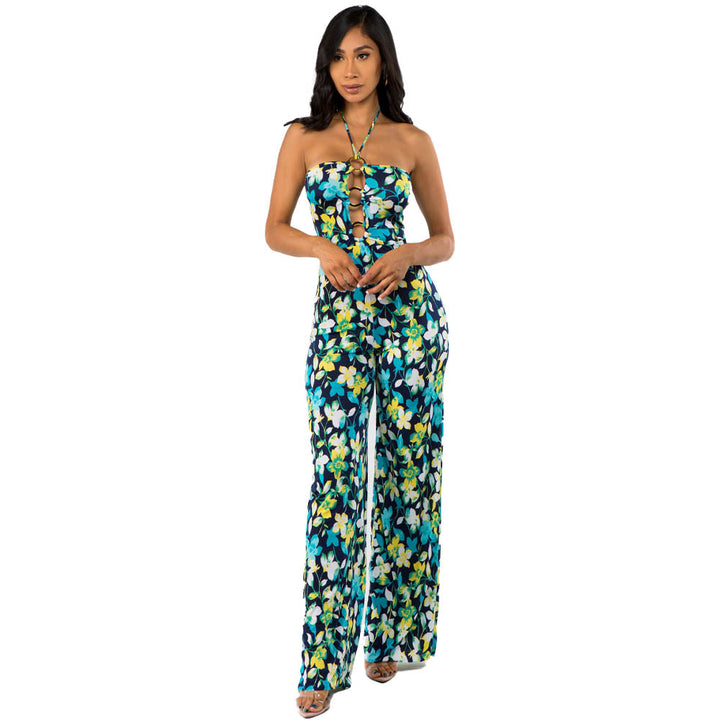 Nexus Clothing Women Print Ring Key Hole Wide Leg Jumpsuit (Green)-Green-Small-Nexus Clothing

· · ·

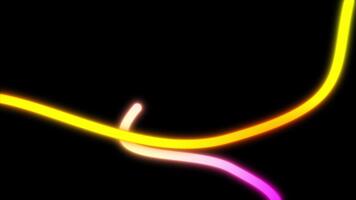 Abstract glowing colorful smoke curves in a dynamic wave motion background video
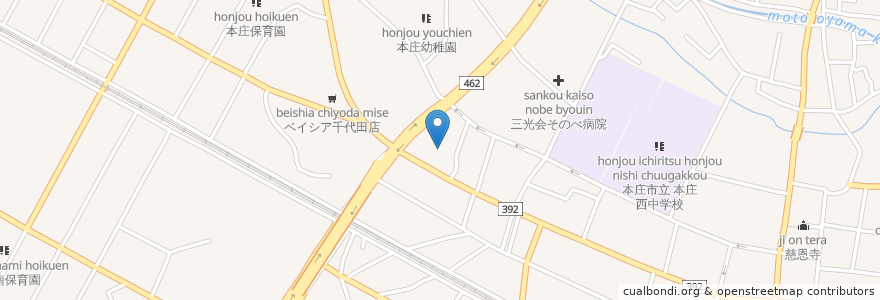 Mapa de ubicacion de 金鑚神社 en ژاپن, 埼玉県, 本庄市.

· · ·

Working from the entries above, please transcribe only the lines from the line with "Abstract glowing colorful" through the line with "Mapa de ubicacion de 金鑚神社 en ژاپن, 埼玉県, 本庄市.", exactly, with both end lines and without pictures.

Result:
 Abstract glowing colorful smoke curves in a dynamic wave motion background video
 Mapa de ubicacion de 金鑚神社 en ژاپن, 埼玉県, 本庄市.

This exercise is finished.